D’après les récits du personnel médical, plusieurs portes administratives ont été forcées, notamment celles du secrétariat, du bureau de l’Administrateur Gestionnaire Titulaire (AGT) ainsi que d’autres bureaux centraux. Si les assaillants ne sont pas parvenus à ouvrir certaines pièces, leur présence a suffi à semer la peur dans tout l’établissement. Les malades, les gardes-malades et les soignants ont été pris de panique face à cette intrusion brutale au sein d’un lieu censé être dédié aux soins et à la sécurité.
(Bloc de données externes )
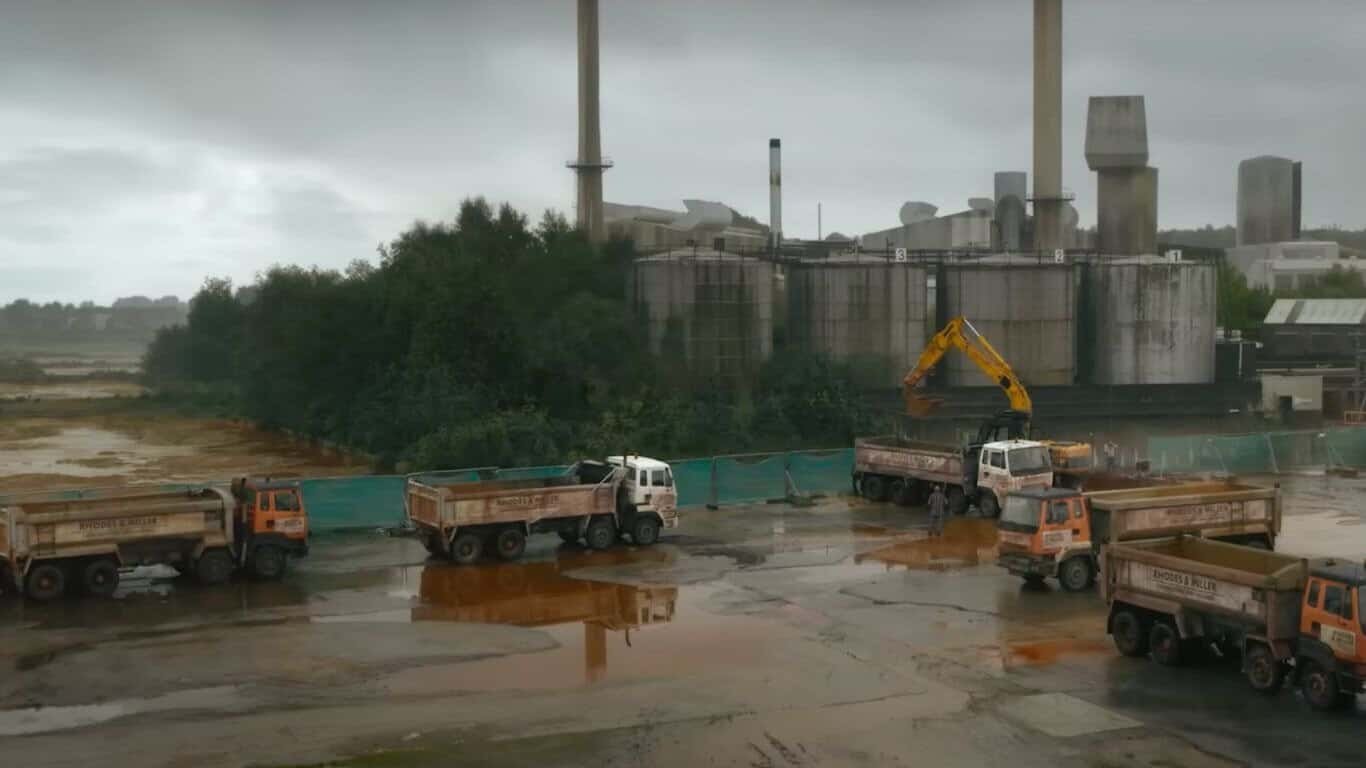 Rifiuti tossici di Corby, un esempio di negligenza ambientale nella Serie Netflix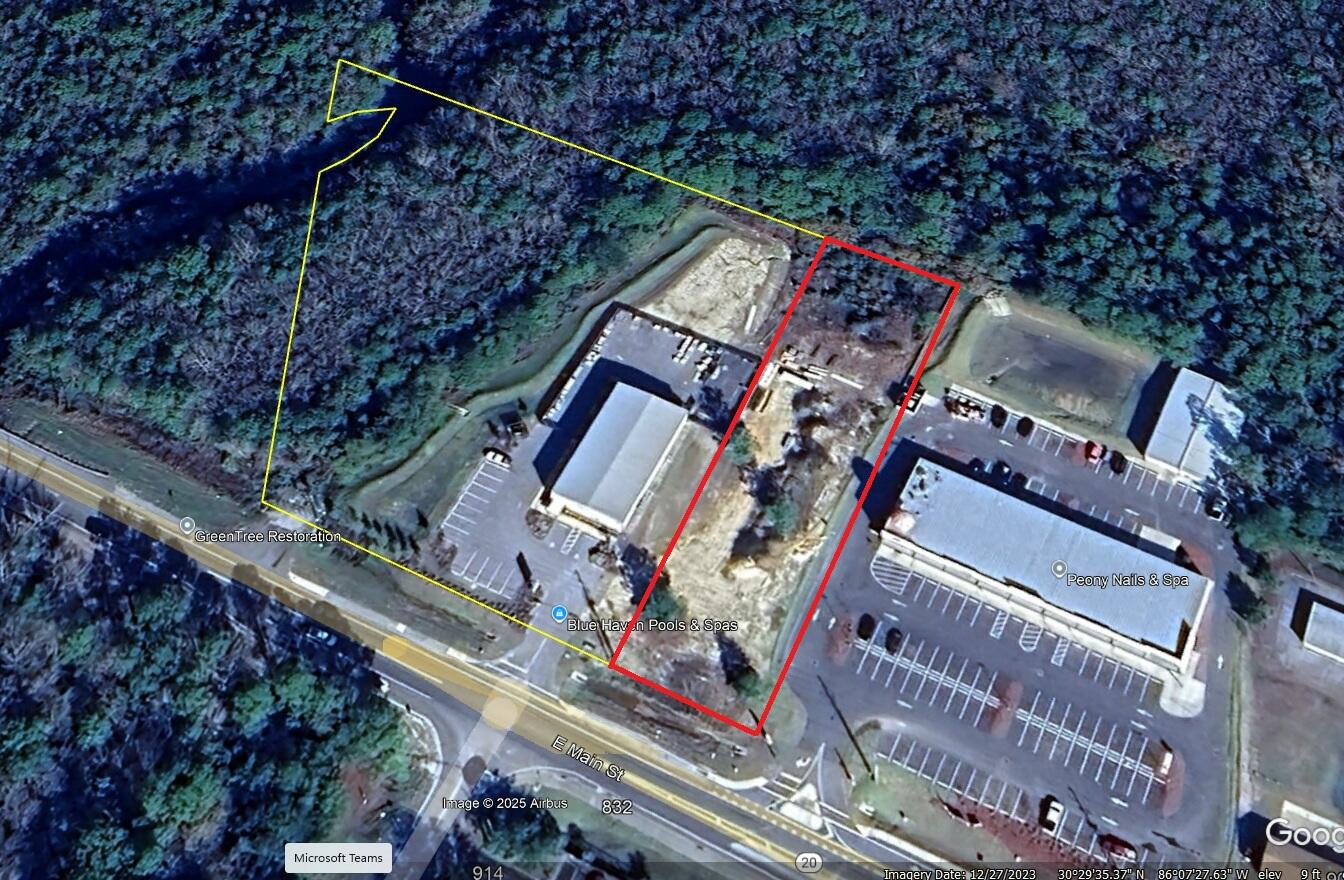 779 Highway 20 Freeport, FL 32439 - Photo 6 of 10 a view of a building with a tree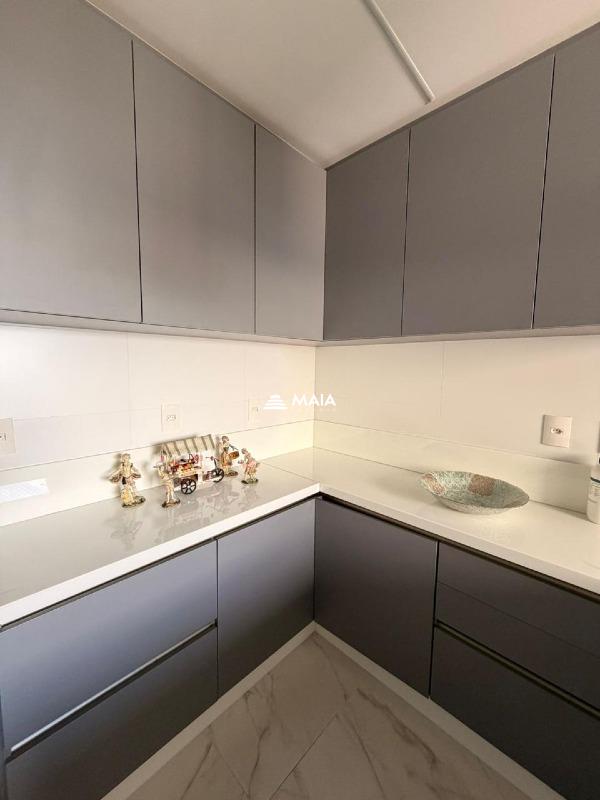 Apartamento para aluguel no Mercês: 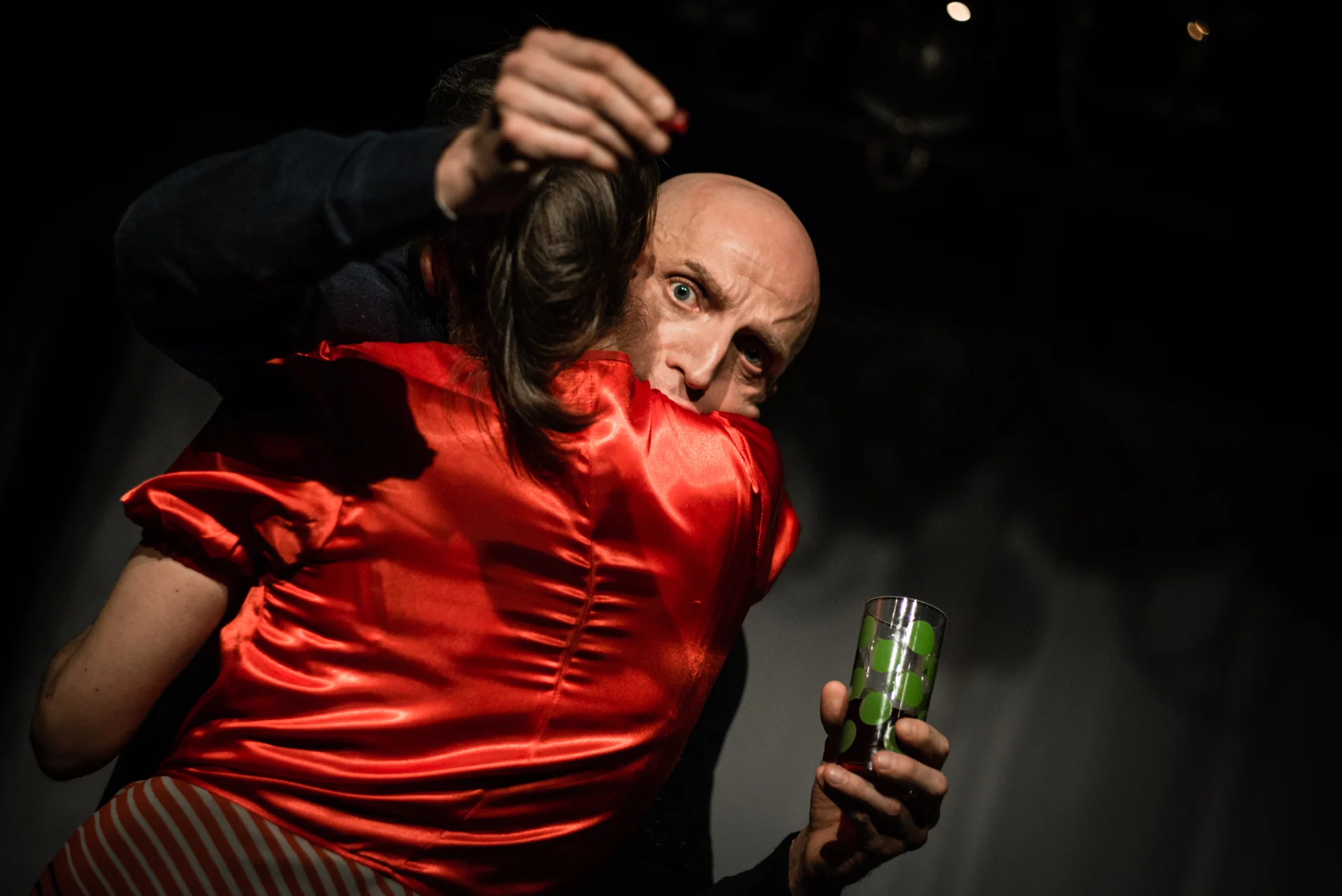 Przyszedł mężczyzna do kobiety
Le bilan provisoire communiqué par les médecins fait état d’au moins quatre morts alors qu’un premier rapport faisait état de deux décès par balle ainsi que de douze blessés, dont trois cas graves. Plusieurs biens appartenant aux prestataires, patients, stagiaires et accompagnants auraient également été emportés lors des violences. Les blessés ont été transférés à l’hôpital militaire de Kokolo sur décision des autorités communales de N’sele.

Face à cette situation jugée intenable, la quasi-totalité du personnel soignant a quitté l’hôpital et a décrété une grève à compter de ce jeudi 16 avril. Les médecins dénoncent l’absence de garanties sécuritaires et refusent de reprendre le travail tant que leur intégrité physique, celle des patients et celle des infrastructures hospitalières ne seront pas assurées.